Era facile, dopotutto, parlare di fronte ad una porta chiusa. "Io lo sforzo l'ho fatto. Tocca a te, adesso, fare un passo verso di me."
Harry indietreggiò, sentendosi il cuore leggero e una matassa finalmente sbrogliata all'interno del suo petto. Forse era quella la sensazione che si provava nell'essere sinceri.
Quando si girò per andare accanto a Tamara, un cigolio catturò la sua attenzione. Si immobilizzò, dando le spalle alla porta. Tamara drizzò le spalle, serrando le labbra e spalancando gli occhi. Harry la vide irrigidirsi, in preda al timore e all'indecisione, la bocca in quel momento schiusa. Un altro cigolio, ancora più prolungato del precedente. Quando Harry si girò, vide la porta che, piano, si apriva. Attraverso lo spiraglio non si vedeva nulla, ma poi un ciuffo di capelli face capolino dallo stipite.
Sentì il sangue ghiacciarsi nelle vene. Allora il suo discorso era stato sentito davvero.
Anne si sporse ancora di più, fin quando i suoi occhi si alzarono sulla figura del figlio immobile davanti alla porta ormai aperta. Nella stanza c'era solo un disordine sovrumano, la finestra spalancata e la scrivania ricolma di fogli e cartoni sparsi. Anne si mostrò alla vista del figlio, immobile a sua volta.
Aveva i capelli neri sporchi e lasciati sciolti sulle spalle scheletriche. Gli zigomi erano più pronunciati di quanto Harry ricordasse. Era passato troppo tempo da quando l'aveva vista sfuggire la prima e ultima volta. Suo padre le aveva dato uno schiaffo e, sebbene non avesse neanche dovuto azzardarsi, sua madre non avrebbe dovuto comportarsi da egoista. Eppure, vedendola così piccola e fragile, si rese conto che forse, tra i due, Harry era stato l'unico a crescere in ogni senso possibile. Anne aveva gli occhi spenti, le labbra secche e screpolate. I vestiti erano sporchi e larghi sul suo corpo dimagrito ad ogni limite immaginabile. Aveva le sembianze di uno scheletro rivestito da solo uno strato di pelle trasparente. Tamara risucchiò un singhiozzo, mentre Harry continuava a vedere la donna sconosciuta che gli era davanti. Se solo fosse stata più in forma, se fosse stata bene, sarebbe stata uguale alla Anne che aveva conosciuto e che non avrebbe mai voluto lasciare, ma lei era solo un bellissimo sogno, alla fine. La sua mamma era quella donna che finalmente si era mostrata ai suoi occhi che fino a quel momento erano stati colmi di rancore.
Passarono minuti interminabili, poi la donna fece un passo verso di lui. Harry continuò a non muoversi, con il fiato sospeso. Si era persino dimenticato del discorso che aveva fatto qualche istante prima, aveva la mente totalmente annullata.
Vedendo l'immobilità del figlio, Anne fece un altro passo verso di lui, poi un altro ancora, fin quando non gli fu praticamente addosso.
Harry allargò le braccia e la circondò, stringendola a sè. Sua madre puzzava e tremava contro il suo petto muscoloso. Harry ingoiò a vuoto, sentendo la gola secca e non riuscendo a dire più nulla.
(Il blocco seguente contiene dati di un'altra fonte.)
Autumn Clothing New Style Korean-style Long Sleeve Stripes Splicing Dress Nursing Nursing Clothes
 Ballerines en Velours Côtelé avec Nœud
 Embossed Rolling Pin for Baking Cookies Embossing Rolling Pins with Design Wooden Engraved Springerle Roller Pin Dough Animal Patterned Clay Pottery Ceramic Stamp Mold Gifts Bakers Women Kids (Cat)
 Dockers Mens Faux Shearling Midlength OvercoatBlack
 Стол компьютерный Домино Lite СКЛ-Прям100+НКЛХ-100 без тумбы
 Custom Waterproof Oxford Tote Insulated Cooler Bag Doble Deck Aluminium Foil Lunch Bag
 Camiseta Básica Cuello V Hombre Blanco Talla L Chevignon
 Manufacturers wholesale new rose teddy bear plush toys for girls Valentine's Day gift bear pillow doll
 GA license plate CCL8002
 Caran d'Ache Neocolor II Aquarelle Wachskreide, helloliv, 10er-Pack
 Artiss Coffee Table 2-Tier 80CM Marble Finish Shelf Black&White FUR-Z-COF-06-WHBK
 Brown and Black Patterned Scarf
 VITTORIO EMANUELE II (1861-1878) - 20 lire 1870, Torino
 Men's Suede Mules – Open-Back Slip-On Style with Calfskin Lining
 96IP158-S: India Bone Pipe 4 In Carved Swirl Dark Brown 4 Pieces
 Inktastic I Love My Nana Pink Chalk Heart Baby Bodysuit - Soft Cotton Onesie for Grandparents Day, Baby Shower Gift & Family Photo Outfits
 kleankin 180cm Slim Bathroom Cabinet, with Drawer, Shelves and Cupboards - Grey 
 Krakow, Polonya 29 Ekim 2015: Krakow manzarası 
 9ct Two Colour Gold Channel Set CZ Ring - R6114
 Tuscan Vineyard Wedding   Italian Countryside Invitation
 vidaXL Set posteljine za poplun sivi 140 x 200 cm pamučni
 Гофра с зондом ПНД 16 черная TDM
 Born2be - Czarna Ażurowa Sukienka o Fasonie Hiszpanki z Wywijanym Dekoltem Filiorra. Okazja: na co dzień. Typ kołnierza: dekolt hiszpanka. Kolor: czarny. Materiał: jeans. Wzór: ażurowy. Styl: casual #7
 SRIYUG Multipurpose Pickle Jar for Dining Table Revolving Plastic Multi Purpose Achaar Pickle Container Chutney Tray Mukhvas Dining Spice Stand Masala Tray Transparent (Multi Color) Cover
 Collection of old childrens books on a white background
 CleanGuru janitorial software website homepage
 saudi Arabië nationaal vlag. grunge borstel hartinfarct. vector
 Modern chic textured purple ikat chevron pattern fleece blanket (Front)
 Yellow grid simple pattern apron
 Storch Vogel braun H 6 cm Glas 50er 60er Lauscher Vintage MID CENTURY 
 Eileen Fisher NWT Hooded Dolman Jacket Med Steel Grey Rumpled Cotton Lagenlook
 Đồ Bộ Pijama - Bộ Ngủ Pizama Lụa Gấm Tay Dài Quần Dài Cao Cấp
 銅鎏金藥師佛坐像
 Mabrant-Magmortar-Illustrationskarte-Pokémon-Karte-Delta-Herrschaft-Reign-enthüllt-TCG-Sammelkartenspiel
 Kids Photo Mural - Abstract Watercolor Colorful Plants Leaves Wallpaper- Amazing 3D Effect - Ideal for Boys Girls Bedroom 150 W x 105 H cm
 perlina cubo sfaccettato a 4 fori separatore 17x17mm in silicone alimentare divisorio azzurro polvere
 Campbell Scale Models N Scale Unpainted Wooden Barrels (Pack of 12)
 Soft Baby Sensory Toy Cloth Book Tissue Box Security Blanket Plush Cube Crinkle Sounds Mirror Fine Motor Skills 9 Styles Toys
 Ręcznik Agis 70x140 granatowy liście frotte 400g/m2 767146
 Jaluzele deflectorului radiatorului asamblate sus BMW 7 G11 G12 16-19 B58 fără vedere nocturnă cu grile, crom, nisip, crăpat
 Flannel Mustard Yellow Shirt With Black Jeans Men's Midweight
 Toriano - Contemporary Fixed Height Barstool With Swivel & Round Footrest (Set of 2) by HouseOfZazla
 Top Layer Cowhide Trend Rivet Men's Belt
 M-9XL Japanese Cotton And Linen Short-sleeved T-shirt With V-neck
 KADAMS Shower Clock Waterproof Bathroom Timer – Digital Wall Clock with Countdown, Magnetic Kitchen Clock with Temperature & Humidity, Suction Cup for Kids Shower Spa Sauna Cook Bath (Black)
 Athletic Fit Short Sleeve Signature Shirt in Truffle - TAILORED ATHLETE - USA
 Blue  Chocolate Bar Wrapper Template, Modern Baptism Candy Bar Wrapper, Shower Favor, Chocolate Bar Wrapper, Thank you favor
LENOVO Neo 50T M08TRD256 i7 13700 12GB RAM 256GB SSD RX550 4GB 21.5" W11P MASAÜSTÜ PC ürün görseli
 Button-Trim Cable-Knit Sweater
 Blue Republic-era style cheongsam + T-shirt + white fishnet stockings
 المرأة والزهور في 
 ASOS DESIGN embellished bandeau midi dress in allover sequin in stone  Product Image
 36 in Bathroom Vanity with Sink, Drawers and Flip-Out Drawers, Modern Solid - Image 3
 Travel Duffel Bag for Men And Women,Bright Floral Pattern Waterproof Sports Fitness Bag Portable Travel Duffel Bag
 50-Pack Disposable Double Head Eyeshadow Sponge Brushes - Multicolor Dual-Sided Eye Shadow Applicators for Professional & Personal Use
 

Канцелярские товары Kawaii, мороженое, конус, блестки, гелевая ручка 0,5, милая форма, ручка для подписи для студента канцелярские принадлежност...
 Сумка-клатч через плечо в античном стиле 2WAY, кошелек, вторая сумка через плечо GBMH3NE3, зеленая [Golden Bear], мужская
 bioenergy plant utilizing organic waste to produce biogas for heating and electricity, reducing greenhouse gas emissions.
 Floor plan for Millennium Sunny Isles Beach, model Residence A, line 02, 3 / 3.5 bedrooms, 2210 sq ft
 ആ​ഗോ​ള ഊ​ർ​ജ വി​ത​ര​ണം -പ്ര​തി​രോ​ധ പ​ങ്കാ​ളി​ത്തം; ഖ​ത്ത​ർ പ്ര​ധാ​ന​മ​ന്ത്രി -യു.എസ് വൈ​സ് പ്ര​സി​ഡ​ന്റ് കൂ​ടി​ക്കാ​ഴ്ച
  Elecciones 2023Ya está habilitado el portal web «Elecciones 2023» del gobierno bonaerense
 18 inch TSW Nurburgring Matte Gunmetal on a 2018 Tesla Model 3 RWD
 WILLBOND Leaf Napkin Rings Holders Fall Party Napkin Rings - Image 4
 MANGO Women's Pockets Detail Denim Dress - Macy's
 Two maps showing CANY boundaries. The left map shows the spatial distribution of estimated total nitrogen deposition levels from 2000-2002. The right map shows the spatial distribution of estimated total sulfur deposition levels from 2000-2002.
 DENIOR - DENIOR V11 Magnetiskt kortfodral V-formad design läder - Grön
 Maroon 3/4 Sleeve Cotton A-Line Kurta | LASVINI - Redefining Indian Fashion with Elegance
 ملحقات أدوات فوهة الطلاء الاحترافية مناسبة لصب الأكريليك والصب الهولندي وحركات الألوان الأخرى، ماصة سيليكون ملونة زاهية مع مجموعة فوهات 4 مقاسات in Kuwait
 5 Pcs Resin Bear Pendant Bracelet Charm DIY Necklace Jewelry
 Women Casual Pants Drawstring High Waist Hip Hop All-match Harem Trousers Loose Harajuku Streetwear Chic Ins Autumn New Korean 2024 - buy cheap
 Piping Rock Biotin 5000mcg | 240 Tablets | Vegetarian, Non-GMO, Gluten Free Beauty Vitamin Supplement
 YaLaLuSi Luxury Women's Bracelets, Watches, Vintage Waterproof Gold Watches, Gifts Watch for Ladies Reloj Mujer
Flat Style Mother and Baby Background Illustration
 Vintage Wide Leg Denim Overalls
Tamara si inginocchiò e scoppiò a piangere, mentre Anne si stringeva alla schiena del figlio più alto di lei, il petto scosso da tremiti e poi, alla fine, da singhiozzi che aveva trattenuto troppo a lungo. La donna era quasi inesistente tra le braccia del figlio, ed Harry si rese conto di stare abbracciando una donna che aveva smesso di reputarsi tale, lasciandosi cullare dalla paura, dal timore e dalla depressione.
Bisognava che qualcuno si prendesse cura di lei, qualcuno a parte lui. L'avrebbe portata in qualche centro di riabilitazione, anche se il primo si fosse trovato a mille miglia da casa.
Appoggiò il mento sulla fronte della madre che finalmente piangeva e si liberava da tutti i sentimenti contrastanti che vivevano in lei, almeno un po', lamentandosi come se stesse soffrendo. Mentre Tamara gli si avvicinava, Harry strinse di più la presa sulla madre e finalmente riprese a respirare.